I make mess. I am mess.
My practice lives inside this tension: being both inside and outside the scene, performer and witness. I exist inside my own theatre.
I grew up spellbound by Jim Henson’s Labyrinth — seduced by illusion, danger, and escape. That world gave me a language before I had the words. My painting practice grows from this terrain: fantasy, rupture, dress-up, and the moment when the mirage finally shatters.
I draw from lived experience as a survivor of abuse, using fairytales as tools for survival, subversion, and truth-telling. Once, I hid behind metaphor and language. Now, I’m interested in cracking the egg — exposing what’s been dressed up as safety. I reclaim fairytales through feminist and surrealist lenses, exploring moral ambiguity, power, and desire. If the wolf were obvious, we’d know to run.

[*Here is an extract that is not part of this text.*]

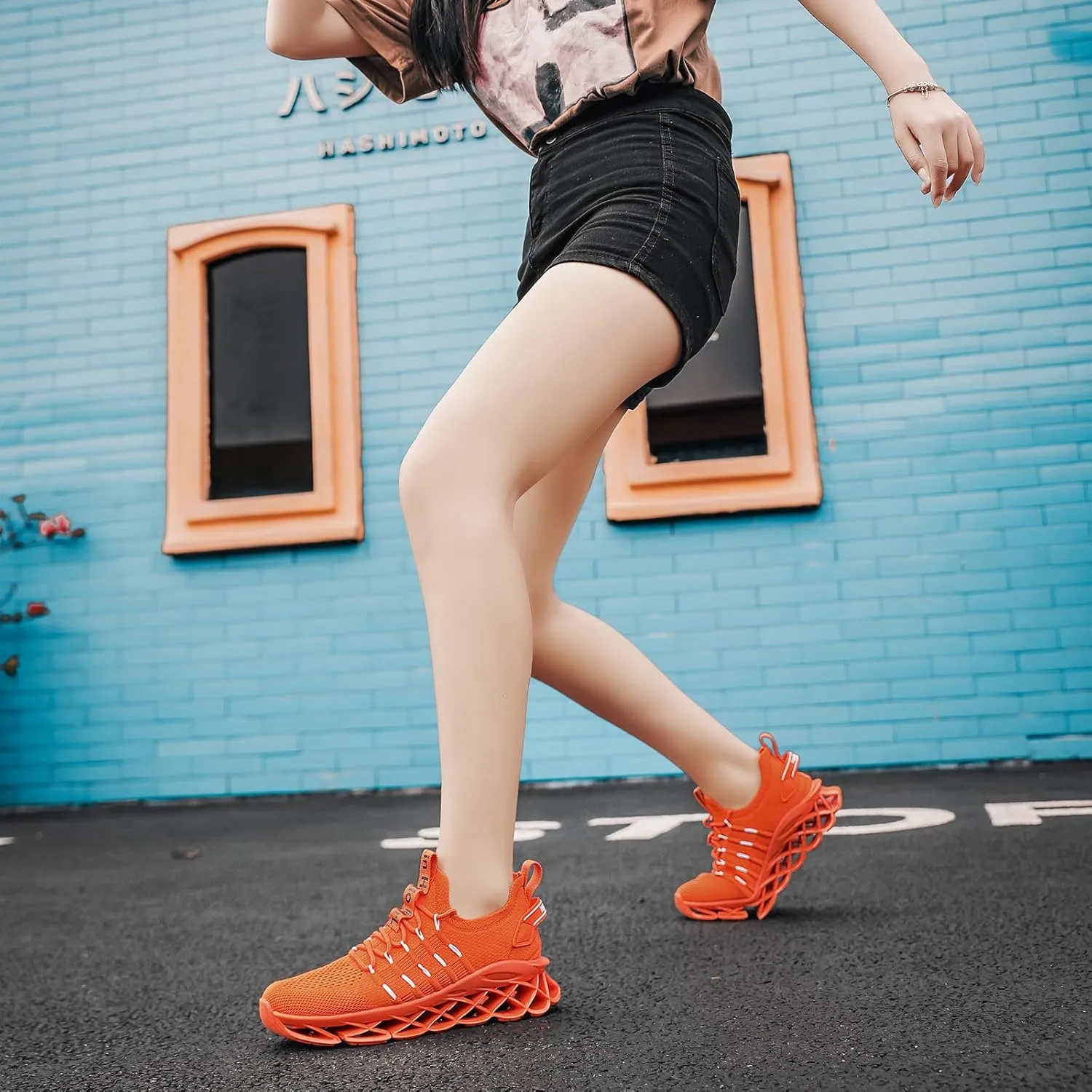 DUDHUH Women's Fashion Sneakers Womens Shoes Slip On Work Casual Comfortable Gym Walking Shoes for Women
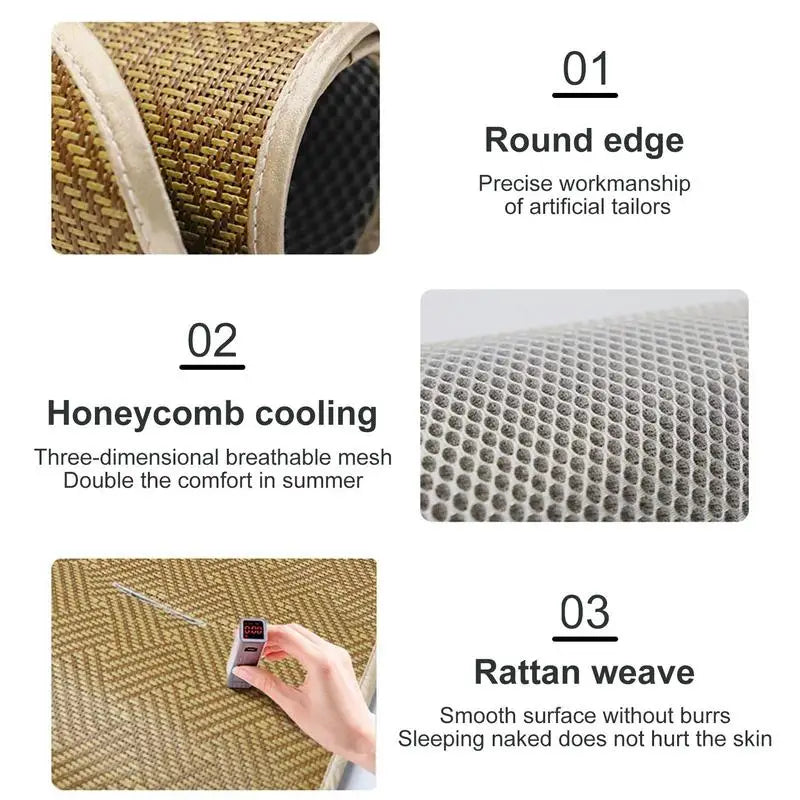Baby Stroller Liner Baby Car Seat Cooling Cushion Rattan Seat Pad Infant Child Cart Mat Kids Carriage Pram Stroller Accessories Zpaxo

My paintings operate like burlesque. They flirt with illusion, seduction, and exposure — red curtains, bright lights, the thrill of being seen, then vanishing backstage. Performance, costume, and the body become stages for rehearsing survival. I conceal and reveal. I play dress-up as both pleasure and strategy.
I’m drawn to the uncanny: flimsy constructions, cardboard façades, forgotten pleasure sites, glowing windows at night. Paint becomes illusion, surface, disguise. Truth, for me, lies in emotional accuracy — if something feels off, it probably is.
My work exists between sincerity and spectacle, fantasy and fracture. Through painting and performance, I explore how survival is learned through role-play — and how those roles can be undone.